Saturday, January 28, 2017

HOW-TO use Kafka to stream Postgresql traffic with bottledwater_pg on a Raspberry Pi 3

If you want to stream changes to your Postgresql database to Kafka on your Raspberry Pi 3 - this is how I did it. I'm sure there are other ways to accomplish this. All I want to do here is to show you how I managed it. I'll preface my comments with a hash '#'.

First: The links.
bottledwater_pg
Apache Kafka
Apache Zookeeper
Postgresql
Confluent
Apache Avro 

Here goes:
sudo apt-get update && sudo apt-get -y upgrade
sudo apt-get install oracle-java8-jdk git
I'm pretty sure you only need a jre, but I installed the jdk for a different project

Install zookeeper and start
This is optional - the confluent package has a limited version of zookeeper

Compile and install postgresql from source
The version of postgresql provided by Debian jessie is older than that required by bottledwater_pg

Adjust the values of pg_hba.conf and postgresql.conf. I used 'kafka_user' but that's up to you:
sudo -i
echo "wal_level = logical
max_wal_senders = 8
wal_keep_segments = 4
max_replication_slots = 4" >> /usr/local/pgsql/data/pg_hba.conf


echo "local   replication     kafka_user                 trust
host    replication    kafka_user  127.0.0.1/32   trust
host    replication    kafka_user  ::1/128        trust" >> /usr/local/pgsql/data/postgresql.conf

You're going to add that user "kafka_user" to postgres. This assumes that you followed the link above and created the database 'kafka_user':
export PATH=$PATH:/usr/local/pgsql/bin
psql -Upostgres -c "create role kafka_user with SUPERUSER LOGIN;"
createdb -Upostgres kafka_user
psql -Upostgres -c "REVOKE CONNECT ON DATABASE kafka_user FROM PUBLIC;"
psql -Upostgres -c "GRANT CONNECT ON DATABASE kafka_user TO kafka_user;"
Now you need Apache Avro, or at least the C and maybe C++ portions. I couldn't get the complete avro package to compile out-of-the-box. Originally I installed all of the pre-requisites, but ended up just installing the C and C++ portions.
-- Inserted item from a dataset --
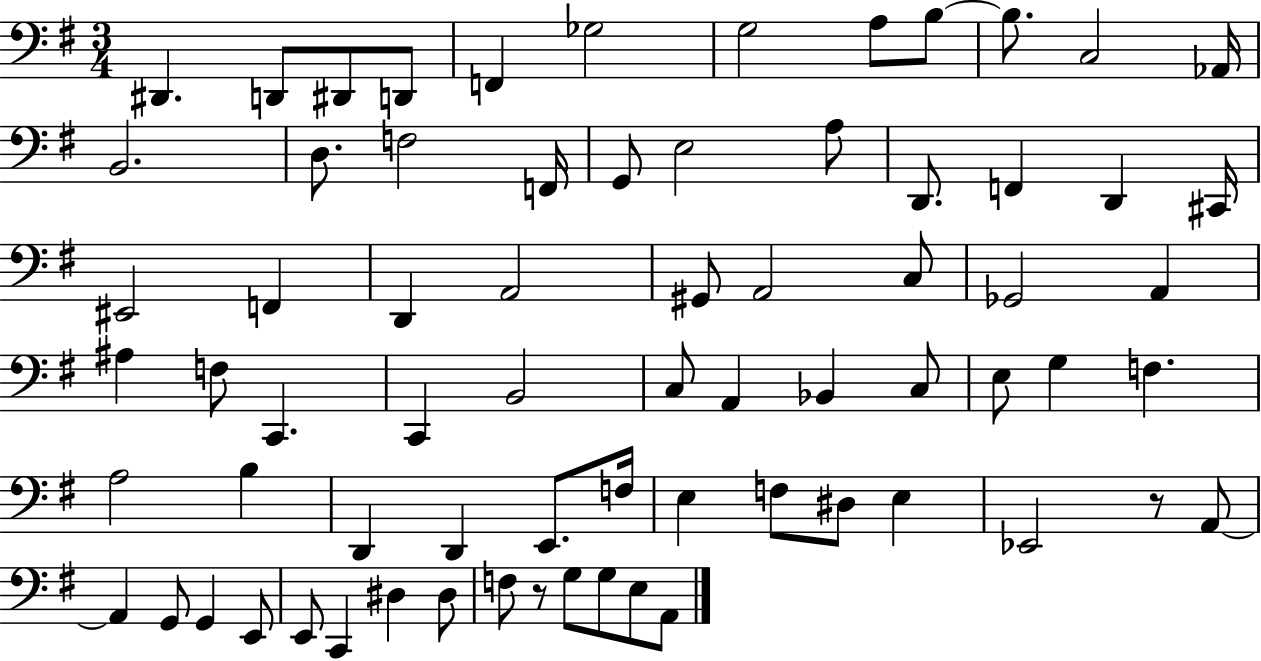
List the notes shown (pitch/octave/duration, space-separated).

D#2/q. D2/e D#2/e D2/e F2/q Gb3/h G3/h A3/e B3/e B3/e. C3/h Ab2/s B2/h. D3/e. F3/h F2/s G2/e E3/h A3/e D2/e. F2/q D2/q C#2/s EIS2/h F2/q D2/q A2/h G#2/e A2/h C3/e Gb2/h A2/q A#3/q F3/e C2/q. C2/q B2/h C3/e A2/q Bb2/q C3/e E3/e G3/q F3/q. A3/h B3/q D2/q D2/q E2/e. F3/s E3/q F3/e D#3/e E3/q Eb2/h R/e A2/e A2/q G2/e G2/q E2/e E2/e C2/q D#3/q D#3/e F3/e R/e G3/e G3/e E3/e A2/e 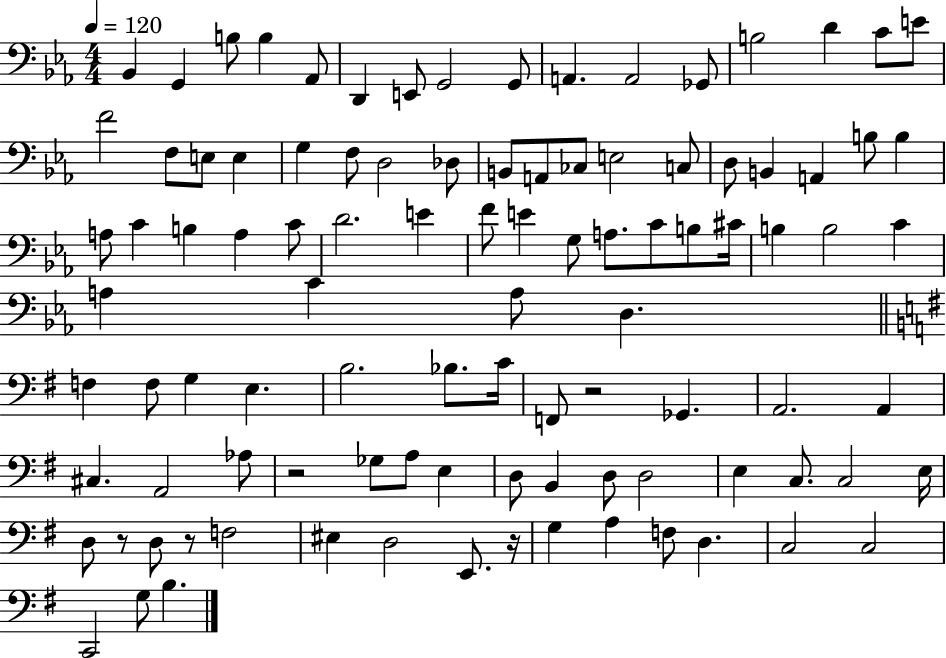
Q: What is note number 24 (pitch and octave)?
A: Db3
Get the confluent package:

wget http://packages.confluent.io/archive/3.0/confluent-3.0.1-2.11.zip
sudo unzip confluent-3.0.1-2.11.zip -d /opt
 Install bottledwate_pg:
sudo -i
cd /opt
git clone https://github.com/confluentinc/bottledwater-pg.git
apt-get install libsnappy-dev librdkafka-dev libcurl4-openssl-dev libpq-dev
export PKG_CONFIG_PATH=/lib/pkgconfig/
ln -s /usr/local/pgsql/bin/pg_config /usr/bin/pg_config
make
make install
I added the kafka_user to my Raspberry Pi because I didn't want to figure out the right postgres connection string:
sudo useradd kafka_user
Almost there. Now just follow the instructions on bottledwater_pg's github page:
# start kafka server as root (zookeeper should already be running)
cd /opt/confluent
./bin/kafka-server-start ./etc/kafka/server.properties

# start schema registry
./bin/schema-registry-start ./etc/schema-registry/schema-registry.properties

# start bottled water
## I had to do this as user kafka_user
kafka_user@raspberrypi:/opt/bottledwater-pg $ ./kafka/bottledwater --postgres=postgres://localhost
-- or --
runuser -l kafka_user -c"cd /opt/bottledwater-pg; ./kafka/bottledwater --postgres=postgres://localhost"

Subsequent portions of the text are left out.